The last contribution $W_{w_b}$ is the own weight of the chassis in $\left\{B\right\}$. Its general expression is of the form $W_{w_b}={[F_{w_b}^T{R}_{bg}^T,0,0,0]}^T$, with $F_{w_b}={[0,0,-m_{b}g]}^T$ in frame $\left\{G\right\}$.

3. Vehicle Dynamics

In this section we derive the equations of motion governing our articulated system. Ultimately, we will be able to express the system dynamics in the classical state-space form as follows:

$$\dot{x}=f(x,u).$$

(21)

In this way, the dynamical equations are ready to be embedded into our MLTP formulation.

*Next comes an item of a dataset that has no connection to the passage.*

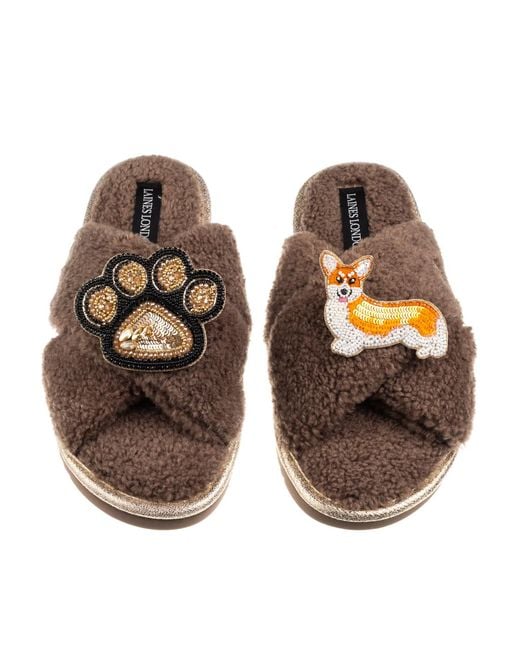 Laines London Brown Neutrals Boucle Slippers With Paw & Peach The Corgi Brooches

As state variables, we take the velocity and position variables defined in Section 2.1. More explicitly, our state vector is $x=(q_{gb};V_{gb};z;\dot{z};\omega )\in {\mathbb{R}}^{24}$. Here, $q_{gb}\in {\mathbb{R}}^6$ collects the Cartesian coordinates and Euler ZYX angles of the chassis with respect to the inertial frame $\left\{B\right\}$, $V_{gb}\in {\mathbb{R}}^6$ is its distal rigid-body velocity, $z\in {\mathbb{R}}^4$ collects the four suspension travels, $\dot{z}\in {\mathbb{R}}^4$ their derivatives, and $\omega \in {\mathbb{R}}^4$ the speeds of the four wheels. As control input, we take $u=(T,\delta )\in {\mathbb{R}}^2$, where we cast the driving/braking torque T and the steering wheel angle $\delta$ (for optimization purposes, we shall omit the contributions of $\dot{\delta }$ and $\ddot{\delta }$).

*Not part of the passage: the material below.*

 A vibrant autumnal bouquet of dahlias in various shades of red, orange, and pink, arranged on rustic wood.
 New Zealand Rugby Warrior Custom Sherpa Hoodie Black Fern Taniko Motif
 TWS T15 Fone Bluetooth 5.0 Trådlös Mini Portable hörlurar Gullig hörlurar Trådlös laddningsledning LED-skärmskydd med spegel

To compute the derivative of the state vector $\dot{x}$, we start by noting that, given $V_{gb}$, the derivatives ${\dot{q}}_{gb}$ are readily obtained as

$${\dot{q}}_{gb}=J_{gb}^{-1}\left(q_{gb}\right)V_{gb},$$

(22)

where $J_{gb}\left(q_{gb}\right)\in {\mathbb{R}}^{6\times 6}$ is the geometric Jacobian of the virtual six-DoF joint connecting $\left\{B\right\}$ to $\left\{G\right\}$. The matrix $J_{gb}$ is systematically computed through a PoE parameterization of the transformation $g_{gb}$, in analogy to what has been carried out for $J_{bh}$ in Equation (3). No further consideration is here necessary, since $q_{gb}$ have independent components.

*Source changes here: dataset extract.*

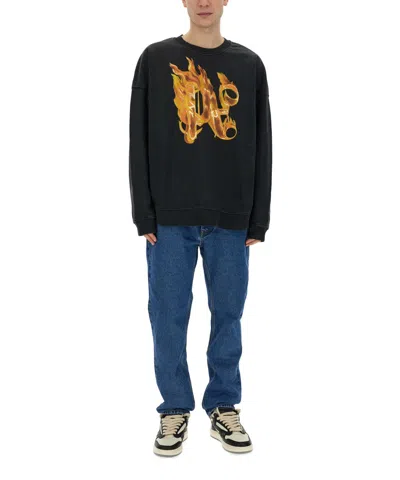 Palm Angels Sweatshirt With Front Monogram Burining In Black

We now need to find the derivatives of the velocity variables, ${\dot{V}}_{gb},\ddot{z},\dot{\omega }$. For this, the equations for the motion of the vehicle must be formulated. We rely, for this task, on a computational method inspired by the articulated-body algorithm (ABA) by Featherstone ([12], Section 7.2). The key concept of the approach is that of an articulated body: its inertia is that of the original parent rigid body, plus the portion of the sub-tree (of the children bodies) which can be structurally transmitted backward to the parent through the joints. This allows us to build the equations of motion recursively and in such a way that, in the end, one can obtain explicitly (non matrix inversion is required) the acceleration of each body decoupled from the others. Besides being compact and systematic, the process also presents clear computational advantages.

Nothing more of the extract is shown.